I seem to remember some of the folks here not having an oven, but all other "options" are included.


----------



## David of VA (Apr 3, 2007)

Hello all a newbie here. we just purchased a 28rsda and we have a horse shoe table and love the double slide outs. we have been "camping " in teh driveway but will take her on teh road on friday for a week at Natural Bridge Va. Wish us luck
David


Oregon_Camper said:


> I seem to remember some of the folks here not having an oven, but all other "options" are included.


----------



## Nathan (Jan 2, 2007)

Many trailer manufacturers play the options trick (some worse than others). Base weight (as quoted in the brochure) is normally without any options. Of course out of the goodness of their hearts, they have included all options for free (or was that included in the price?!?!)

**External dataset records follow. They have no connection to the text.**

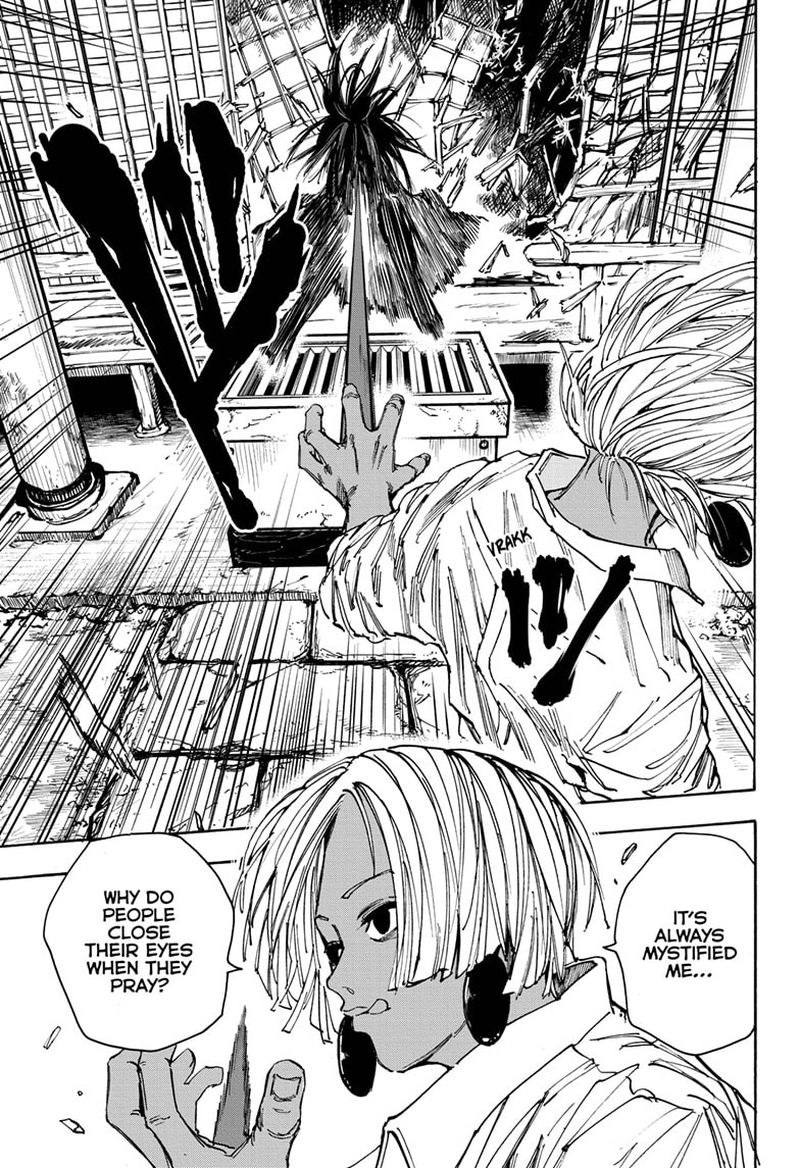 Chapter 42 Just Desserts - Page 25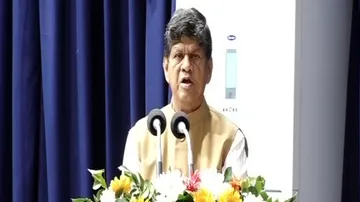 Ruling party MLA continues veiled attacks, compares present Odisha govt to JB Patnaik govt 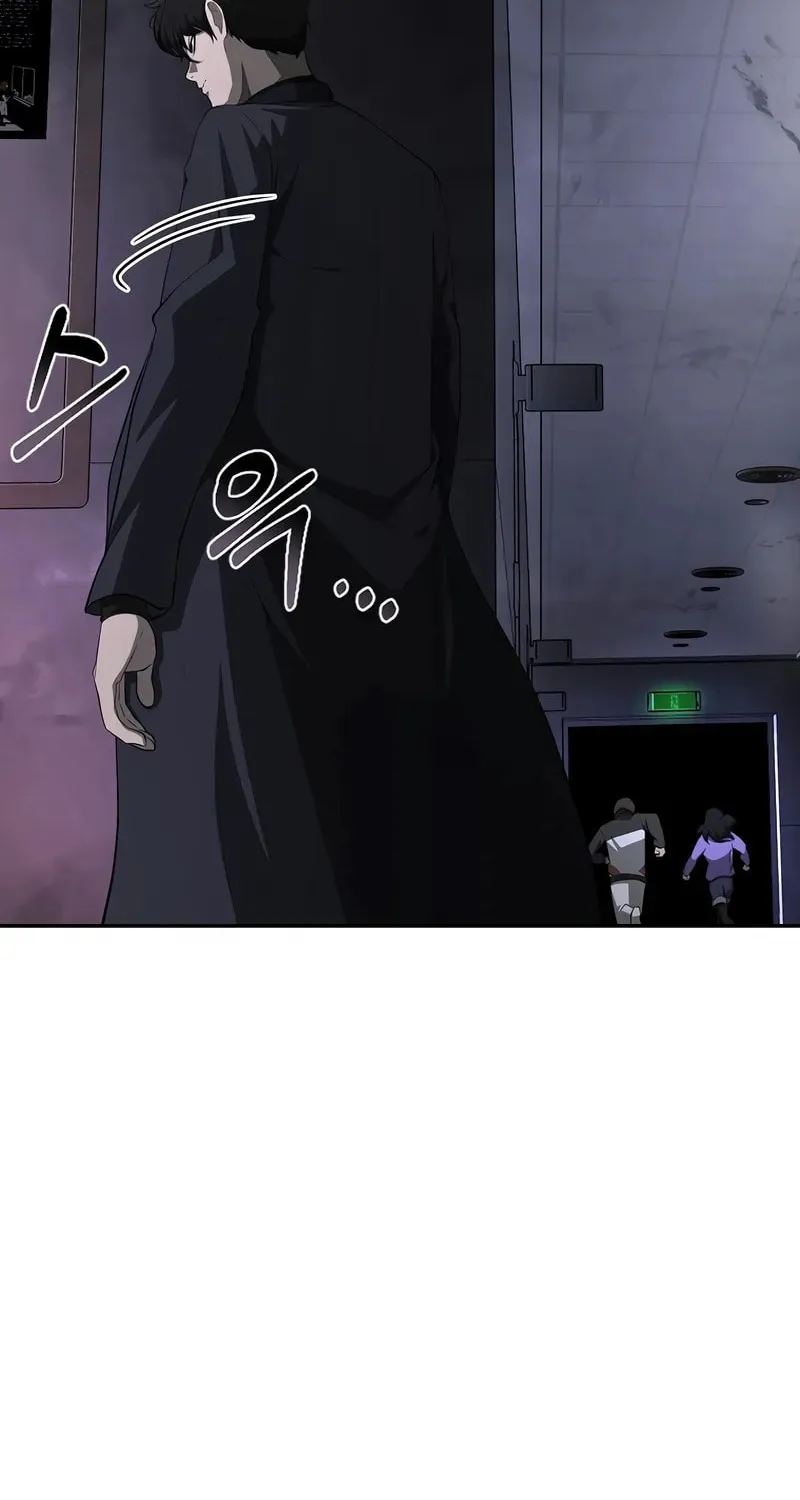 The Return Of Apocalypses Tyrant Chapter 16 page 85 - 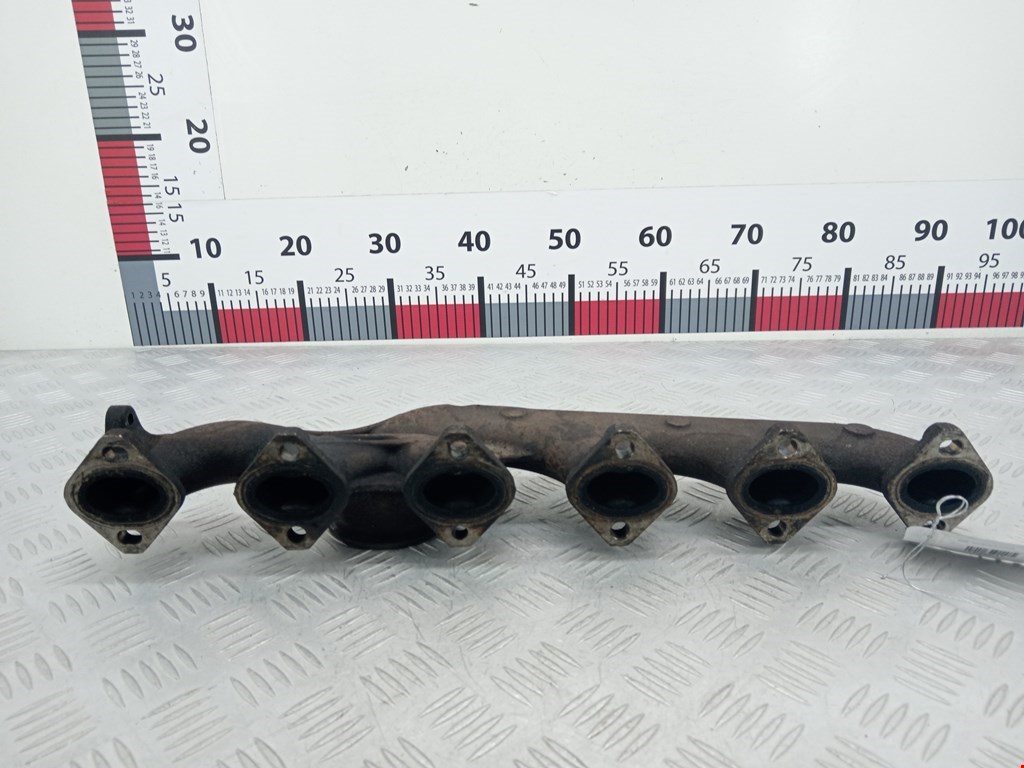 Коллектор выпускной BMW 7er 7 серия E65/E66 2001-2008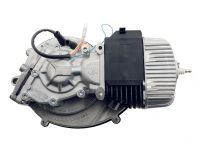 Moteur complet Malossi 73cc Ø 46,5mm vélomoteur Piaggio Ciao, Si Bravo Moteur complet Malossi 73cc Ø 46,5mm vélomoteur Piaggio Ciao, Si Bravo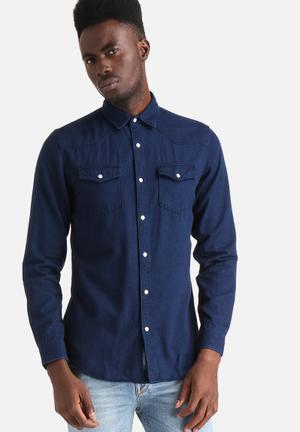 Gale Slim Shirt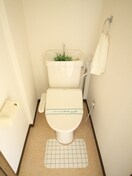 トイレ グレイスパ－シモン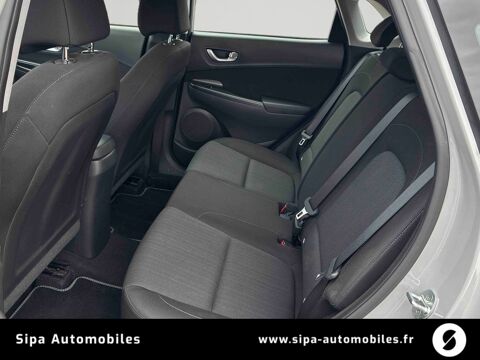 Kona Hybrid 141 Initia 5p 2023 occasion 33110 Le Bouscat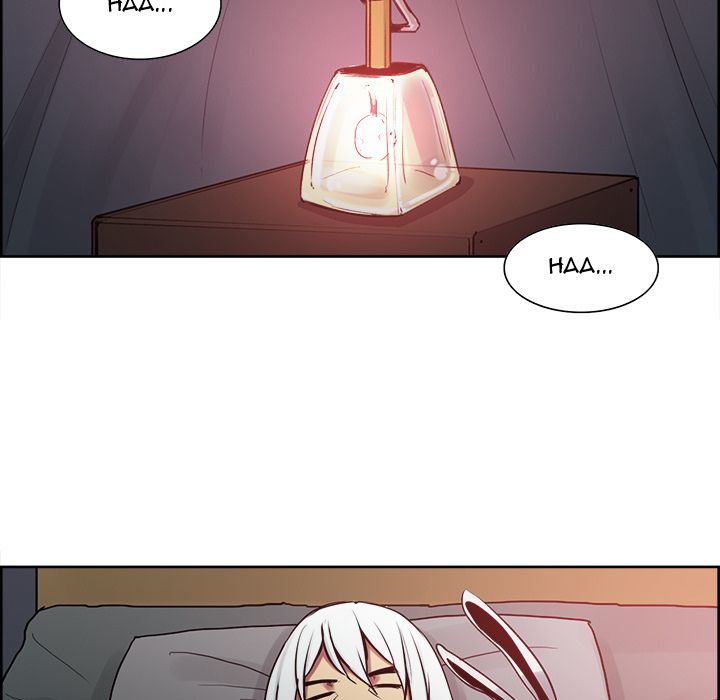 Erostica Manhwa - Chapter 36 Page 10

Just another sales game (and everyone says the automakers are bad with their Tow Ratings!!!)


----------



## monty (Apr 5, 2007)

We read that the 3-burner stove is an option. If so, what is standard?


----------



## Oregon_Camper (Sep 13, 2004)

Pukeko said:


> We read that the 3-burner stove is an option. If so, what is standard?


No stove?


----------



## PDX_Doug (Nov 16, 2004)

Mainecamper,

As others have said, the 'options' thing seems to be a bit of marketing hype. Although I have heard of a few Outbacks being delivered without ovens, I have never seen one that was not fully equipped. I suppose if you were looking to save money, when ordering you could specify options you don't want and get a reduced price.









Happy Trails,
Doug


----------